Tornando a Bowie, e al suo Heathen, tutti i critici gridano al capolavoro, nonostante queste banalità: <Non stare in un posto triste/ dove non si preoccupano di sapere come stai/ Tutti dicono ciao/ Se i soldi ti finiscono/puoi sempre tornare a casa>. D’accordo, anche i Rem hanno scoperto il disimpegno con il loro ultimo disco, ma un testo così neanche Pupo avrebbe il coraggio di cantarlo. Leggete qui: <Sarò felice di ricevere una lettera/mi piace sapere che cosa succede/spero che il tempo sia buono e non faccia troppo caldo>. Il riferimento ai Rem non è fatto a caso, <Everyone says Hi> sembra proprio una loro canzone.
Heathen è pieno di belle canzoni con testi imbarazzanti. C’è la banalotta storia di uno che grida <Voglio essere il tuo schiavo> e quella di Bowie medesimo che chiede: <Dài ai miei figli sorrisi solari/Dagli cieli caldi e tersi/Io chiedo un futuro migliore/O dovrei smettere di amarti/dovrei proprio smettere di amarti>. C’è anche qualche testo decente, come quello di <Slow Burn>, <Chi siamo noi/così piccoli di questi tempi> e qualche buona trovata come in <5:15 The Angels have gone>, forse la più bella canzone del disco. Qui Bowie si trova alla stazione e riflette sulla fine di un amore mentre cerca biglietto, orario e binario giusto. Ogni due versi ripete <5:15>, five-fifteen, l’orario del treno che avrebbe dovuto prendere. Chissà se ce la farà. Poi c’è la strepitosa cover di <I’ve been waiting for you> di Neil Young, e da sola vale il prezzo del disco.
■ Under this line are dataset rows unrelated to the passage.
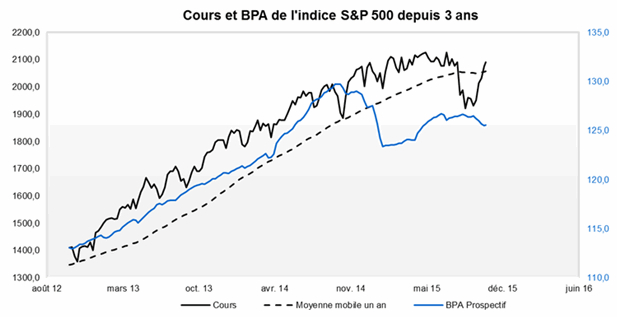 Eolution sur 3 ans des cours de bourse et des bénéfices par actions de l'indice américain S&P 500.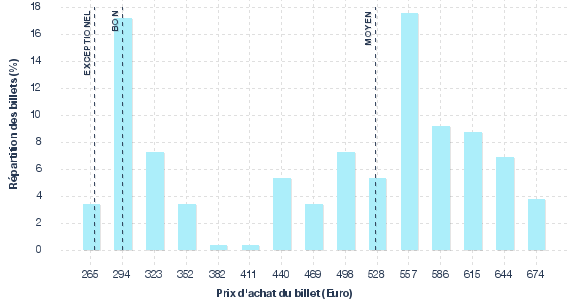 répartition des prix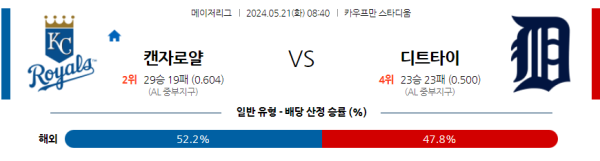 해외야구분석 MLB 5월 21일 캔자스시티 로얄스 VS 디트로이트 타이거즈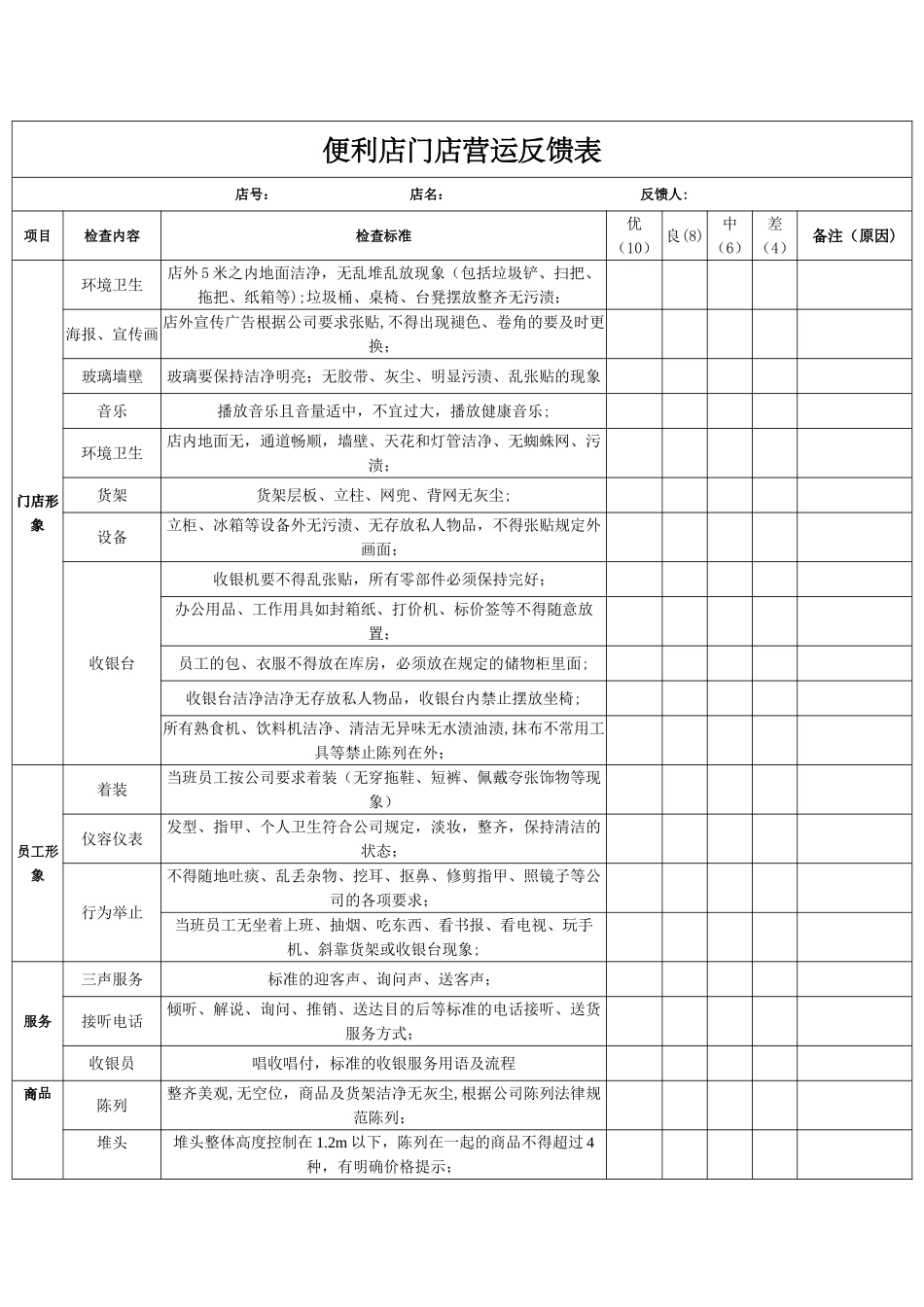 便利店门店营运管理表格化_第1页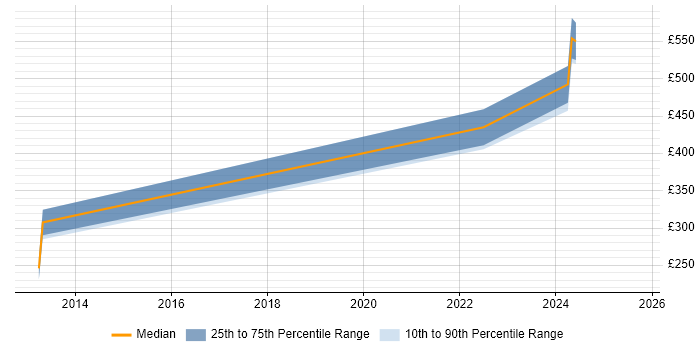 Contractor daily rate distribution trend for jobs in Stevenage citing Sophos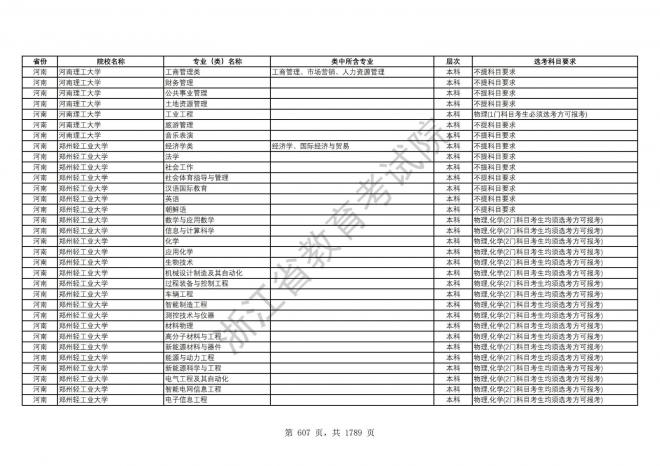 2024年浙江普通高校招生专业选考科目要求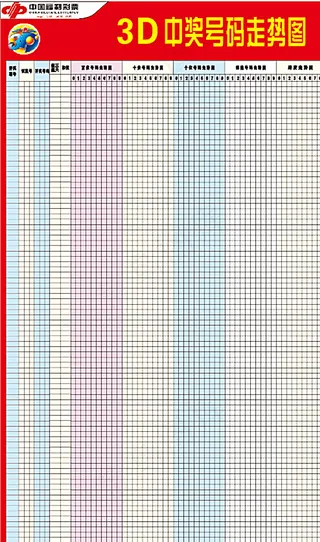 3D走势图图片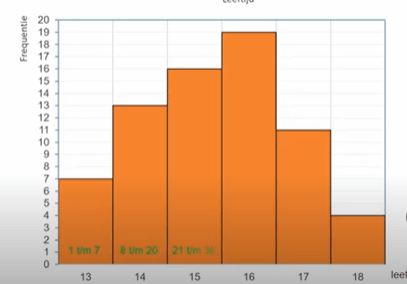 Modus en mediaan berekenen uit een staafdiagram 2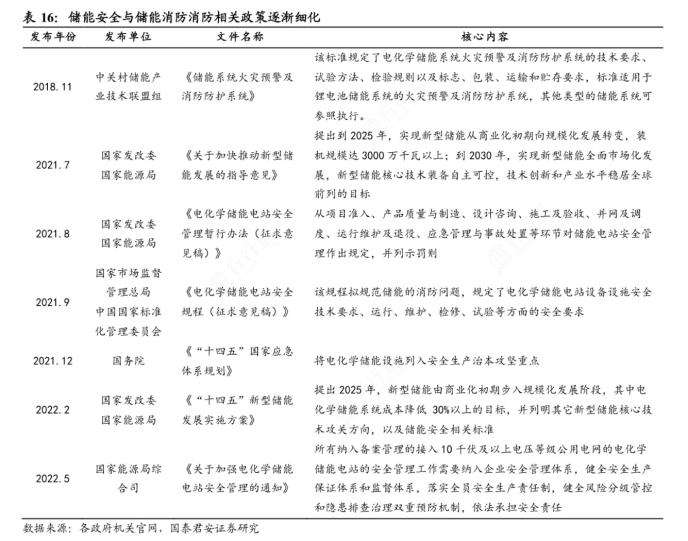 储能消防安全政策利好频传!受益上市公司梳理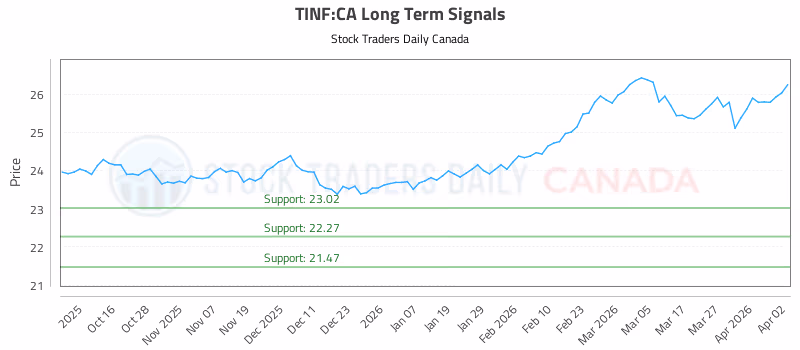 Stock Chart for TINF:CA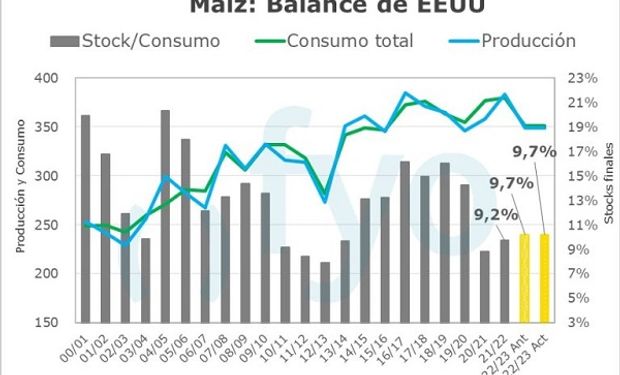 Soja, trigo y maíz: los ocho gráficos que muestran la oferta y demanda global de granos
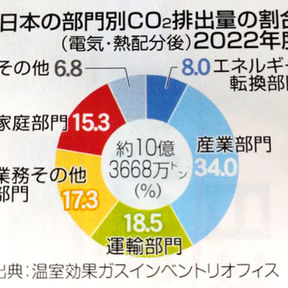 温暖化 ③『CO2 世界中で排出急増』（明日への環境Lesson／静岡新聞）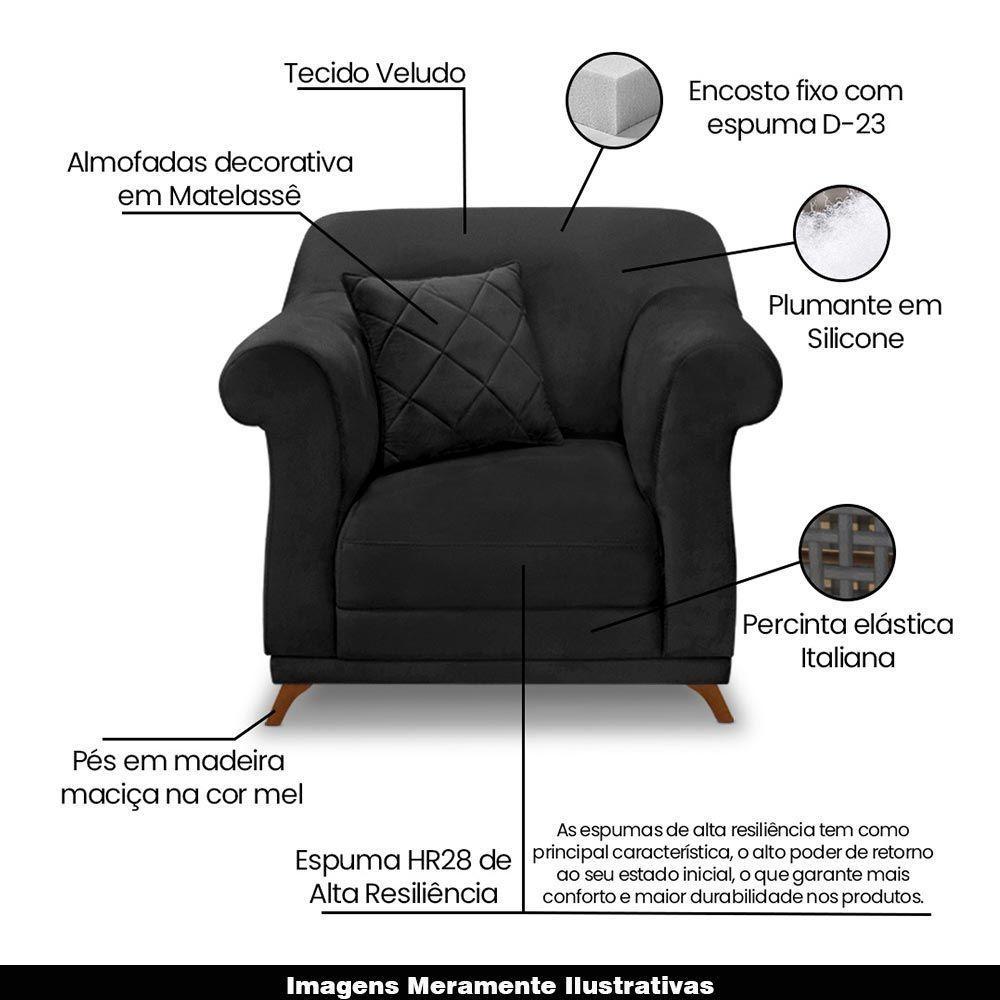 Poltrona Decorativa C/1 Almofada Veludo Preto - 7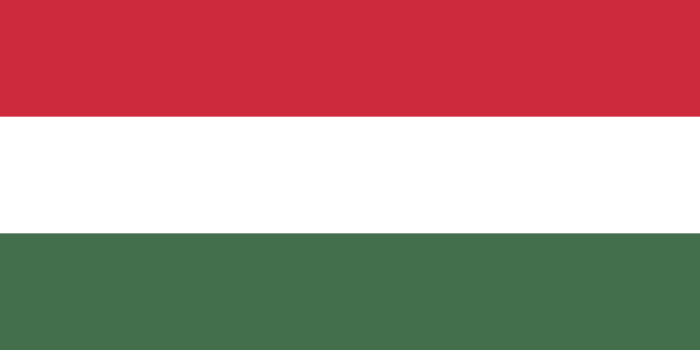 Hungría - Geografía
I critici dicono che questo è un Bowie nuovo, diverso, finalmente tranquillo e in pace con se stesso. Balle, lo dicono sempre. Fateci caso. Tutte le volte che un grande vecchio del rock pubblica un nuovo disco c’è sempre una scoperta della paternità o del valore della famiglia o cose del genere che fanno del disco il migliore da venti anni a questa parte. E’ marketing, e basta. Questo disco di Bowie, restando alla musica, non è diverso dai precedenti. Le canzoni più belle del disco non sono molto lontane da quelle del suo terz’ultimo album, l’ingiustamente sottovalutato <Outside>, e il produttore è il medesimo di venti anni fa, Tony Visconti. Che niente sia cambiato, musicalmente, lo dice lo stesso Bowie, nella prima canzone, <Sunday>, una canzone dai toni gattopardeschi: <And nothing has changed/Everything has changed>, <niente è cambiato/tutto è cambiato>.
David Bowie non hai mai venduto frotte di dischi, ma ha influenzato decine di gruppi e cantanti. Una sola volta ha scalato le classifiche, negli anni Ottanta. Quando ha lasciato i travestimenti che lo avevano reso famoso e si è dato al pop leggero, con Let’s Dance, China Girl e Absolute Beginners. Da un bel po’ di tempo compone belle musiche psichedeliche, anche se non più fondamentali per la storia del rock come un tempo. Tanto basta, e ora <tutti dicono ciao>, David. Bentornato.